Trade expert Sok Siphana explains how Cambodia can position itself as a player in the global logistics chain.
Embracing competitiveness while avoiding protectionist policies are central to the region benefiting from investment and the free movement of goods, labour and capital.
As the 2015 deadline approaches for Cambodia and the rest of Asean to become a part of the global logistics chain, both authorities and the private sector have to step up their game.
Often cited as a major burden for businesses in Cambodia by industry insiders (see Foreign Business Leaders Survey, page 12), informal fees demanded at customs and excise is one area the government is hoping to improve, according to Sok Siphana, a former trade specialist at the World Trade Organisation and current advisor to the Cambodian government. “We are making tremendous progress in terms of customs automation,” he said of the role technology can play in reducing facilitation fees at Phnom Penh, Sihanoukville and other arrival points. “We’re not paperless yet, but custom automation would be the beginning… The less human contact the better.”

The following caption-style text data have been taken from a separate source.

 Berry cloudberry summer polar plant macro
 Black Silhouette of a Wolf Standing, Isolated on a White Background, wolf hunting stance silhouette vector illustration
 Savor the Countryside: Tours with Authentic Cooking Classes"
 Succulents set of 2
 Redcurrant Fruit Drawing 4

The findings of the Foreign Business Leaders Survey suggest another hurdle for Cambodia is opaque business practices. While the blueprint for the Asean Economic Community states that members must enhance the level of transparency for non-tariff measures, 41% of businesses in the Foreign Business Leaders Survey found access to information in the Kingdom below average. However, Sok Siphana insisted “most information is very readily available on various websites”, and that the onus is on the private sector to tap into these sources. “If we have to make a criticism of Asean, it is that so far it is more Asean diplomacy rather than Asean business. So the private sector itself has to make more effort to engage the government.”
A key component to facilitating free flow of goods, investment and capital on Cambodia’s part is the construction of Neak Loeung Bridge. The crossing point at this part of the Mekong River has bottle-necked the transportation of goods and people between Cambodia and Vietnam, and the bridge, expected to be completed in 2015, will become an important part of the southern economic corridor. “We want to be a part of the supply chain,” said Sok Siphana. “If we facilitate the value chain approach, foreign companies that actually produce goods somewhere else could move some of their components here. The bridge is a game changer.”

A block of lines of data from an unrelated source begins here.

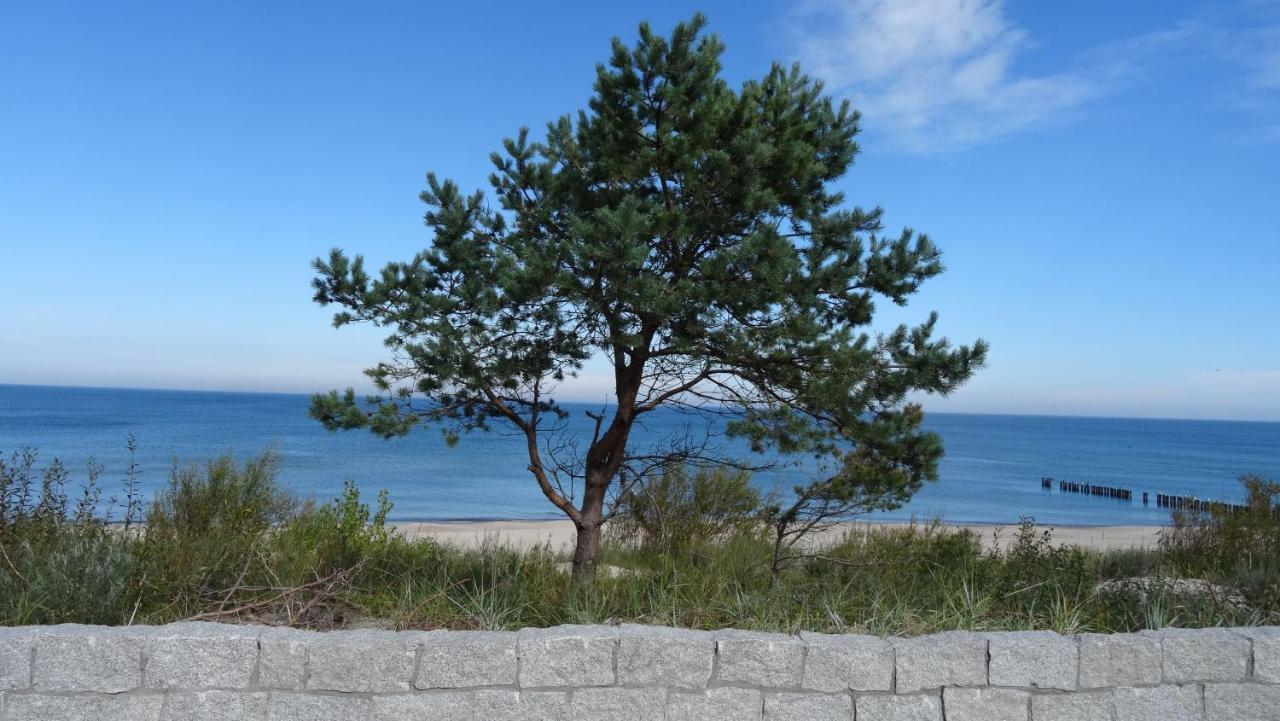 Pokoje Goscinne Muszelka 300 M Do Plazy Mielno  Exteriör bild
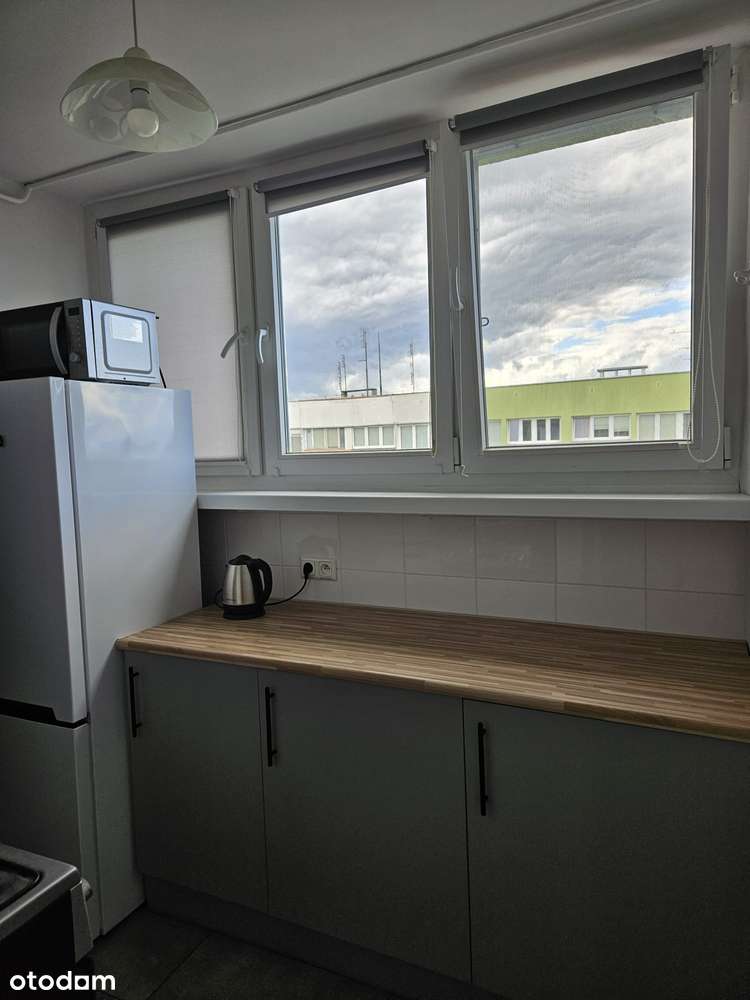 1-osobowy DUŻY jasny pokój. Widok na Sky Tower - Pełny obrazek: 4/7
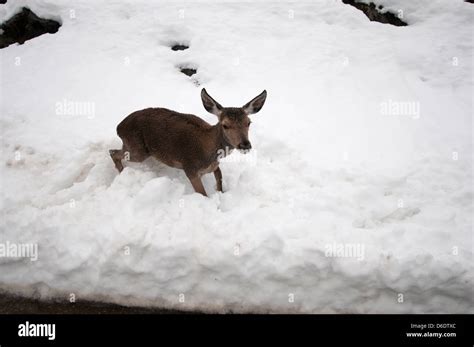 Baby deer in the snow Stock Photo - Alamy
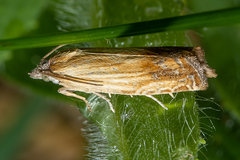 Eucosma radiatana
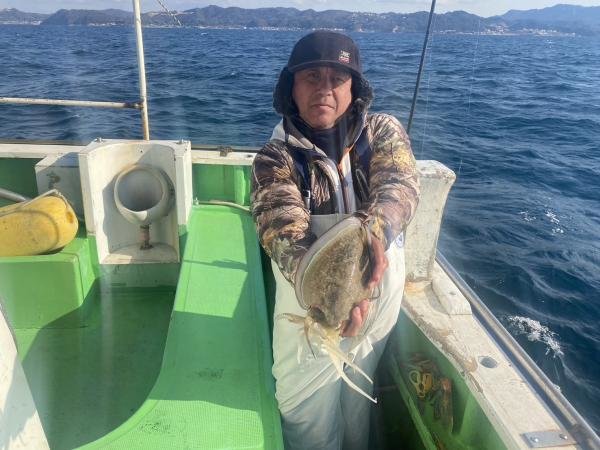 モンゴウ(カミナリイカ)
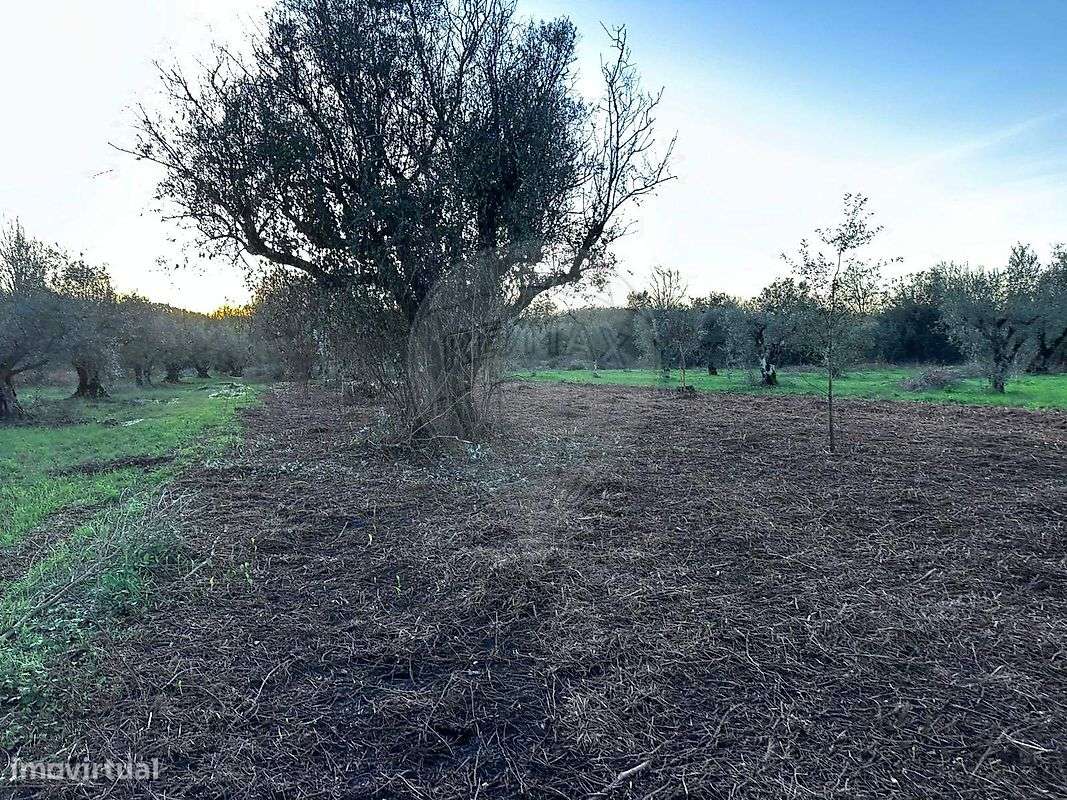 Terreno  para venda - Grande imagem: 4/14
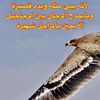 fahad3257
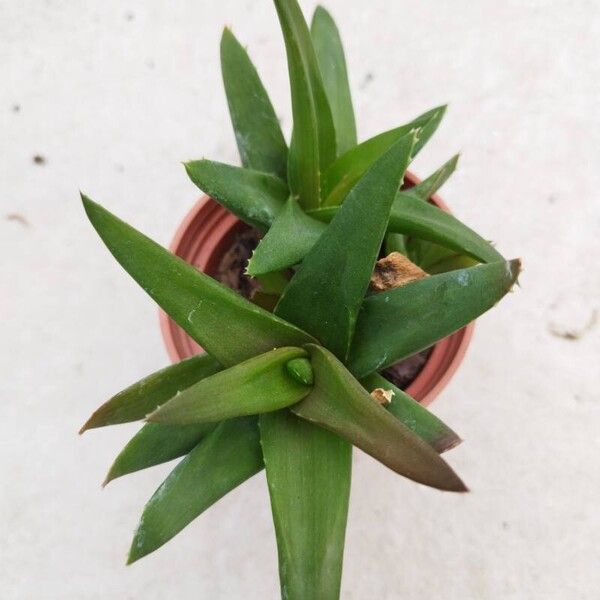 Aloe spp. Leaf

Bilateral trade is important for the region, said Sok Siphana, given trading among Asean member-states only accounts for 25% of total trade flow. “Two-way trade would be the prelude to full economic integration.” However, Asean aside, he also mentioned the importance of Cambodia tapping into its resources to become a part of the global logistics chain. For example, Cambodia, with its rubber plantations, could become the assembly destination of choice for numerous companies dealing with latex. “For a small country such as Cambodia, we just want to have one or two links to the supply chain to make a big difference.”

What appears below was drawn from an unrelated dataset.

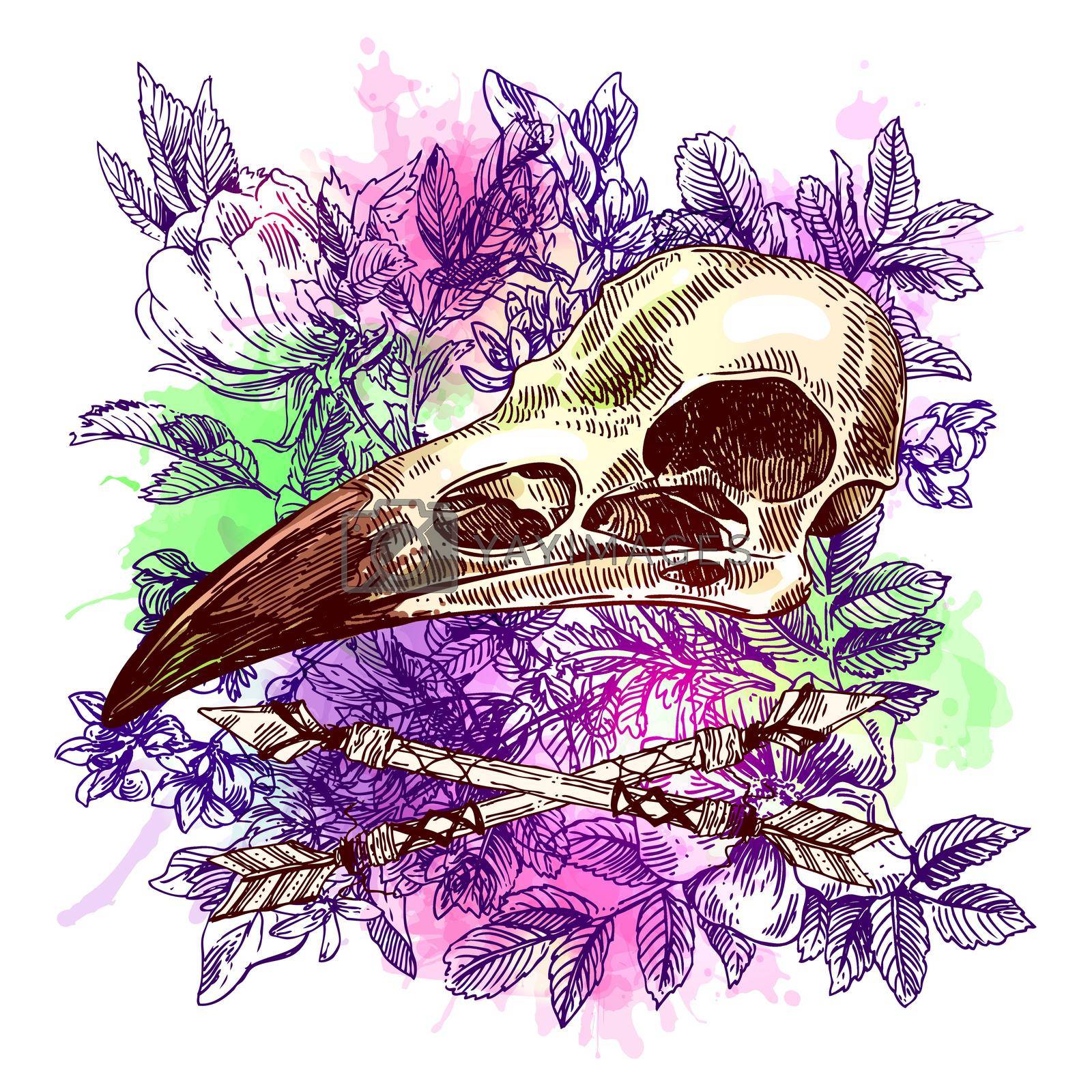 Royalty free image of illustration animal skull by steshnikova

While some observers have voiced concern that Asean countries could adopt a protectionist attitude with the arrival of 2015, Sok Siphana has faith the region wants to move forward. “Protectionism is always an innate primal fear. When you run into a crisis, the first thing you do is retract because the instinct is to protect jobs. But it’s clear that in the Asean context, the mood of different work plans and agendas is all about not going backwards… It will take a while before people adhere to the rules, but there is a charter. Even if some people want to go back, they will be prohibited; there will be so much peer pressure.”